A review of It’s Better Than it Looks: Reasons for Optimism in an Age of Fear by Gregg Easterbrook (Public Affairs. February 2018. ISBN 9781610397414.) A shorter version of this review was published in the Wall Street Journal on February 28, 2018 under the title “Why Things Are Looking Up”.

Though declinists in both parties may bemoan our miserable lives, Americans are healthier, wealthier, safer and living longer than ever.

Better Than it Looks: Reasons for Optimism in an Age of Fear (book cover)

In his 1971 book A Theory of Justice, the Harvard philosopher John Rawls argued that in the “original position” of a society we are all shrouded in a “veil of ignorance” of how we will be born—male or female, black or white, rich or poor, healthy or sick, slave or free—so society should be structured in such a way that laws do not privilege any one group because we do not know which category we will ultimately find ourselves in.

Writing during a time when civil unrest over centuries of injustice was spilling out into the streets in marches and riots, Rawls’ work was as much prescriptive as it was descriptive. But 45 years later, at a 2016 speech in Athens, Greece, President Barack Obama affirmed that a Rawlsian society was becoming a reality: “If you had to choose a moment in history to be born, and you did not know ahead of time who you would be—you didn’t know whether you were going to be born into a wealthy family or a poor family, what country you’d be born in, whether you were going to be a man or a woman—if you had to choose blindly what moment you’d want to be born you’d choose now.” As Obama explained to a German audience earlier that year: “We’re fortunate to be living in the most peaceful, most prosperous, most progressive era in human history,” adding “that it’s been decades since the last war between major powers. More people live in democracies. We’re wealthier and healthier and better educated, with a global economy that has lifted up more than a billion people from extreme poverty.”
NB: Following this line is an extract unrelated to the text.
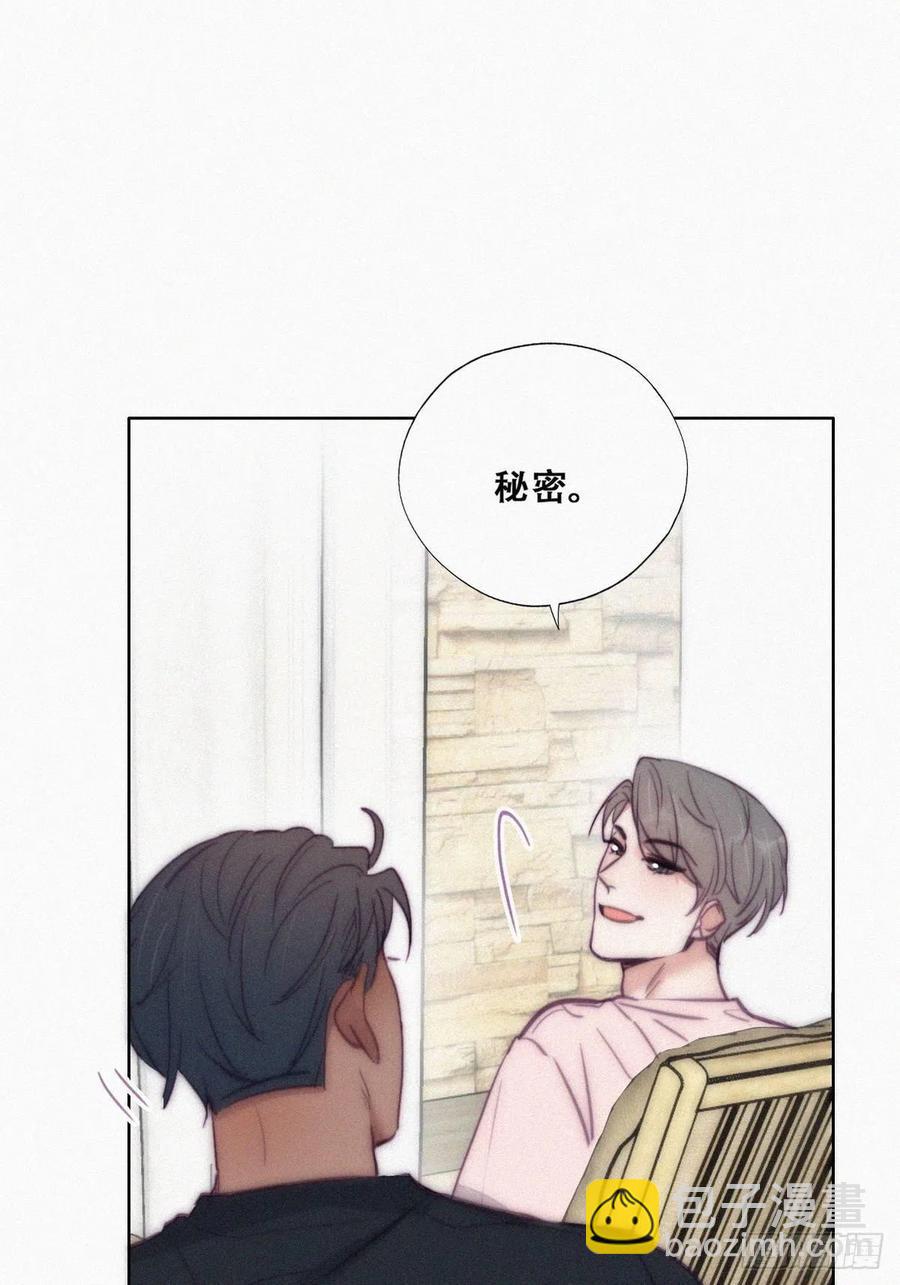 第127话 计谋开始(1/2)-第130话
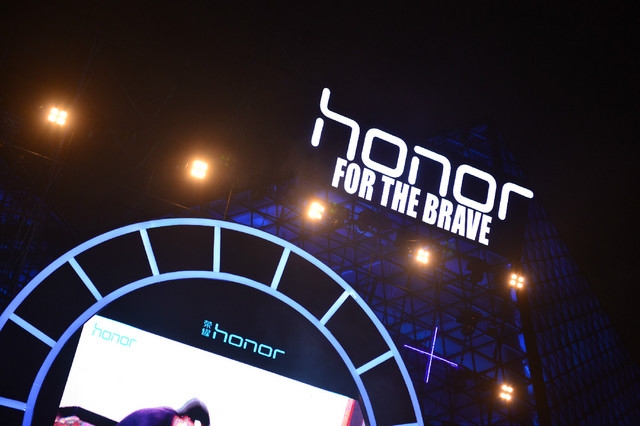 榮耀2周年慶典演唱會 李宇春嗨爆全場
Data supporting this observation is now readily available through such sites as Hans Rosling’s, Max Roser’s, and Marian Tupy’s, and in books such as Steven Pinker’s Enlightenment Now (2018), Johan Norberg’s Progress (2016), my own The Moral Arc (2015), Peter Diamandis’ and Steven Kotler’s Abundance (2012), Matt Ridley’s The Rational Optimist (2011), and others. Apparently it’s not enough as pessimism is as prominent as it ever was, if not more during the recent uptick of identity politics and economic nationalism.

Thus, Gregg Easterbrook’s masterful and comprehensive exposition on why we should be optimistic in an age of pessimism, It’s Better Than it Looks, comes at a propitious moment. Easterbrook backs his sanguine perspective with copious data, and at the same time he demonstrates how a pessimistic perspective can not only lead people to despair but it can nudge voters to elect a man who growled that our economy “is always bad, down, down, down” even as it was climbing up, up, up out of the gravity well of the 2008/2009 recession. Since emotions trump information, apocalyptic political rhetoric crowds out data dumps of positive trends in the spaces of our mind’s decision tree. On average, Easterbrook shows in this rich narrative packed with statistics, while the declinists were bemoaning our miserable lives during the last election, “at no juncture in American history were people better off than they were in 2016: living standards, per-​capita income, buying power, health, safety, liberty, and longevity were at their highest, while women, minorities, and gays were free in ways they’d never been before. There had been no juncture in history at which the typical member of the global population was better off either.”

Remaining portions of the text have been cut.